The Millennial (Gen-Y) stress list:
1. Losing wallet/credit card
2. Arguing with partner
3. Commute/traffic delays
4. Losing phone
5. Arriving late to work
6. Slow WiFi
7. Phone battery dying
8. Forgetting passwords
9. Credit card fraud
10. Forgetting phone charger
11. Losing/misplacing keys
12. Paying bills
13. Job interviews
14. Phone screen breaking
15. Credit card bills
16. Check engine light coming on
17. School loan payments
18. Job security
19. Choosing what to wear
20. Washing dishes
+ Endless war
+ Debt/GDP ratio >1
+ College credential not worth the debt as promised
The Gen-X stress list:
- Nuclear war
- Tornadoes
- Power outage/blizzard
- Starving kids in China
- Cigarettes/secondhand smoke
- Desegregation
- Muggings
- Degree technical obsolescence
- Dot-com bust *and* great recession
The Boomer stress list:
- Polio
- Smallpox
- Nuclear war
- Tornadoes
- Segregation
- Race riots
- Career technical obsolescence
Greatest Generation stress list
- The Great Depression
- 60 million violent deaths between 1939 and 1945
Mr Barnett’s English class was pretty stressful for me. After that being drafted and then shot at were significant emotional events.
Very true. I’m between those two groups and I remember playing outside with sticks and my imagination as a kid and then phones suddenly became a must-have thing for my cohort right around the start of high school. By the end of high school it was smartphones. I actually grew up as the technology changed and saw how much of a difference it made how old you were (and where you were developmentally) when you got your first cell phone and later smartphone. Between ages 12 and 16, one year makes a whole heck of a difference. Now they just stick an ipad in the kids’ hands before they can talk to shut them up when they cry and I can’t imagine that will lead to anything good.
You had me at “Let’s Mock…”
It was a major source of stress when I found out I qualified as a Millennial. Luckily under the New Rules I can choose to identify as another generation, but I haven’t decided which one yet.
Since, according to some measures, I am a millennial* I’m going to add:
– Changes to my favorite browser’s navigation bar.
Although, this intractability might just be sign I’m too old.
Grrrr, I’m still mad. :/
Not enough free detergent pods, and not enough free cell phones for Millennials posting photos of their friends ingesting free detergent pods.
Not enough generalizations for categorizing each generation’s failures.
When I was a 5-year-old boomer, my parents taught me to fear the midnight knock on the door. I don’t see that one in your list.
I fear any knocks on the door. It’s never anything good.
Phone calls are not generally fun either.
Have to agree. Born in 61. My oldest brother was born in 50. The wake of the early boomers heavily impacted my life. From education experiments (no walls schools) to the run up in real estate prices.

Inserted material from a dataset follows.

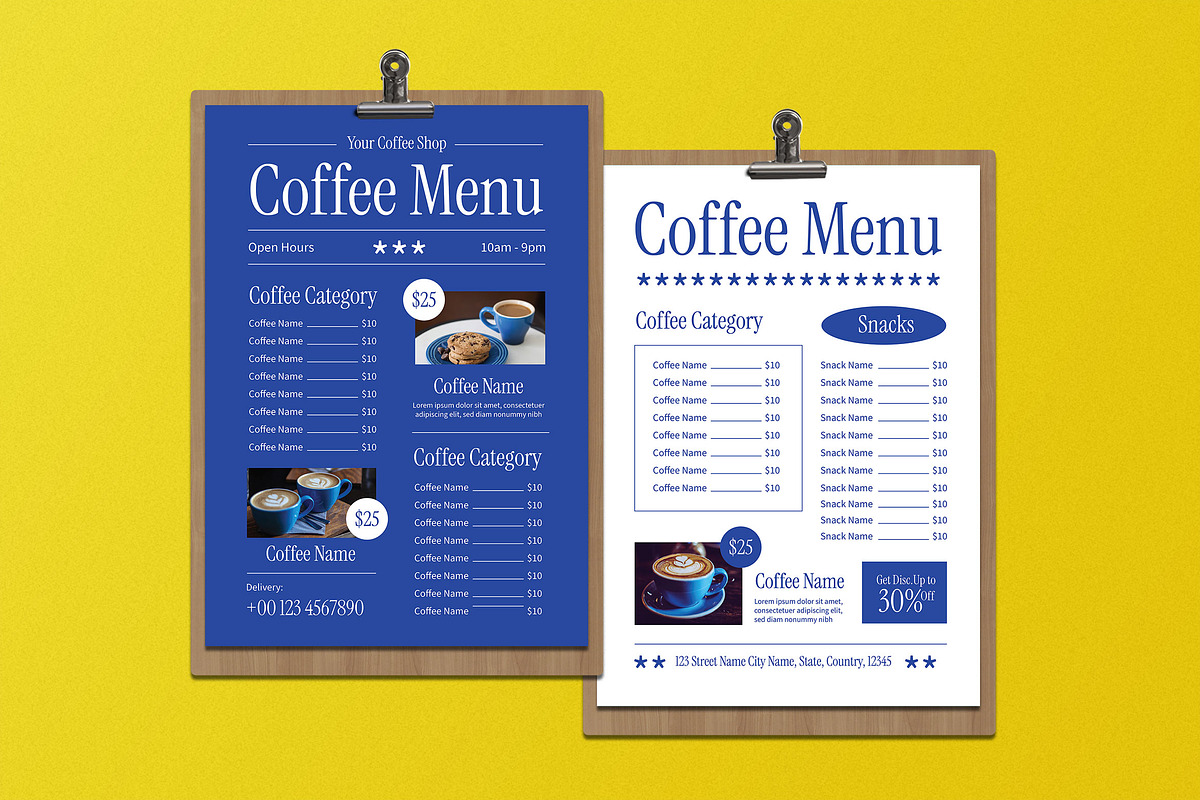 Blue Modern Coffee Shop Food Menu, a Flyer Template by Aiyari Graphic (Photo 1 of 3)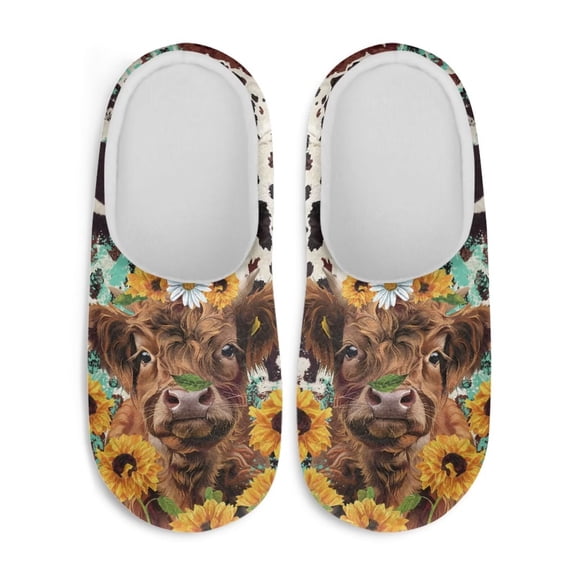 Uourmeti Retro Highland Cattle Sunflower Cotton Slippers Soft Plush Warm Cozy Comfy Washable Comfortable Cute Trendy Retro Casual Home Gifts Slippers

Did it ever occur to you that just maybe the ridiculous list of millennial stressors points to the fact that that generation has been robbed of an institution relied on for a millennia as a form of de-stressing? That being religion.
When I was in college, psych 101 was still teaching that religious rituals create in humans a sense of peace and predictability. Modern and post-modern attempts to diminish, impugn, ridicule, and destroy religion has prevented these boomer-educated fledglings from finding solace and stability in the very institutions boomers relied on.
Step One of the Twelve Step program: Admitting you have a problem. Hehe . . .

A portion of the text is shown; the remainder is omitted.